Director: Sam Liu
Starring: Kevin Conroy, Mark Hamill, Tara Strong, Ray Wise
Written by Tom Sheffield
When I saw that ‘The Killing Joke’ was in cinemas for one night only, I booked my ticket right away. Then, slowly but surely, a lot of mixed reviews came from all over the internet, especially after the divisive panel at San Diego Comic Con. However, I wasn’t going to let that put me off – like I can’t make up my own mind about a film without someone else giving their opinion (said the most ironic person in the room) – and I was still very excited to sit down in the cinema and watch one of my favourite graphic novels up on the big screen.
‘The Killing Joke’ introduces us to the origin of the infamous Joker, and how he became the psychotic, twisted , Clown Prince of Crime that has pushed every single one of Batman’s buttons over the 77 years he’s been around in the comics.
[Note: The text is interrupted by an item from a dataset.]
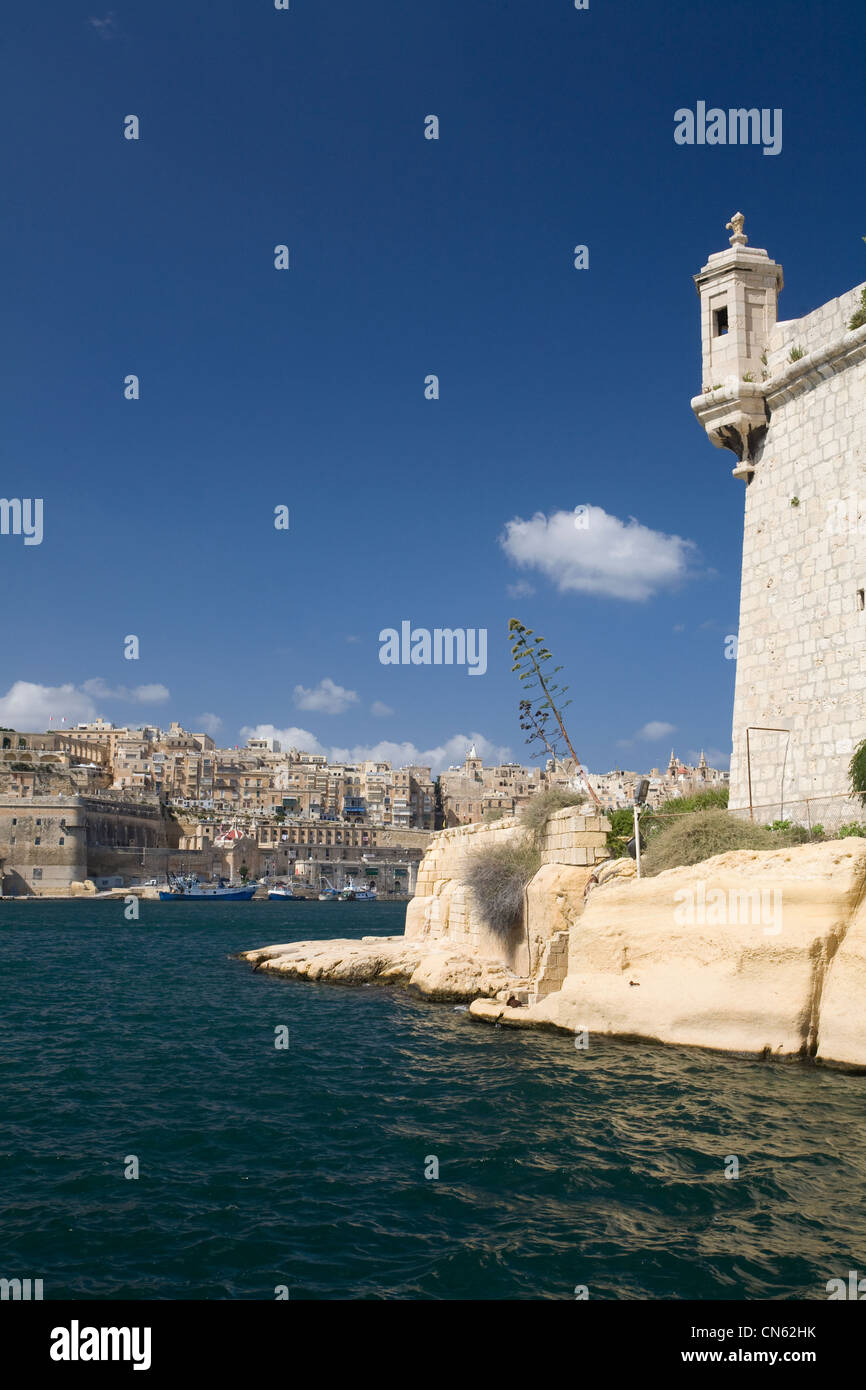Malta, the Three Cities, Vittoriosa, defensive tower of San Angelo Fortress and Valletta in the background Stock Photo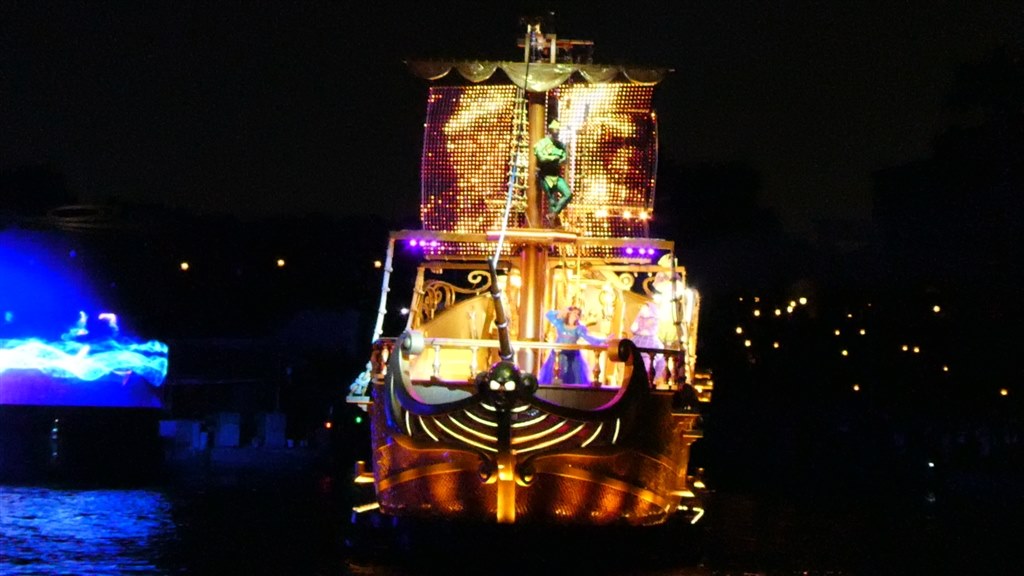 貴重なお手頃価格の高倍率ズームのコンデジ』 パナソニック LUMIX DC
In the graphic novel, The Joker escapes from Arkham Asylum and sets out to prove to Batman that “all it takes is one bad day to reduce the sanest man alive to lunacy”, and to prove his point he unleashes a monstrously evil plan to destroy every last bit of Commissioner Gordon’s sanity. As The Joker’s plan unfolds, we are shown flashbacks of the events that lead up to The Joker’s “one bad day”, that would change the lives of the citizens of Gotham forever.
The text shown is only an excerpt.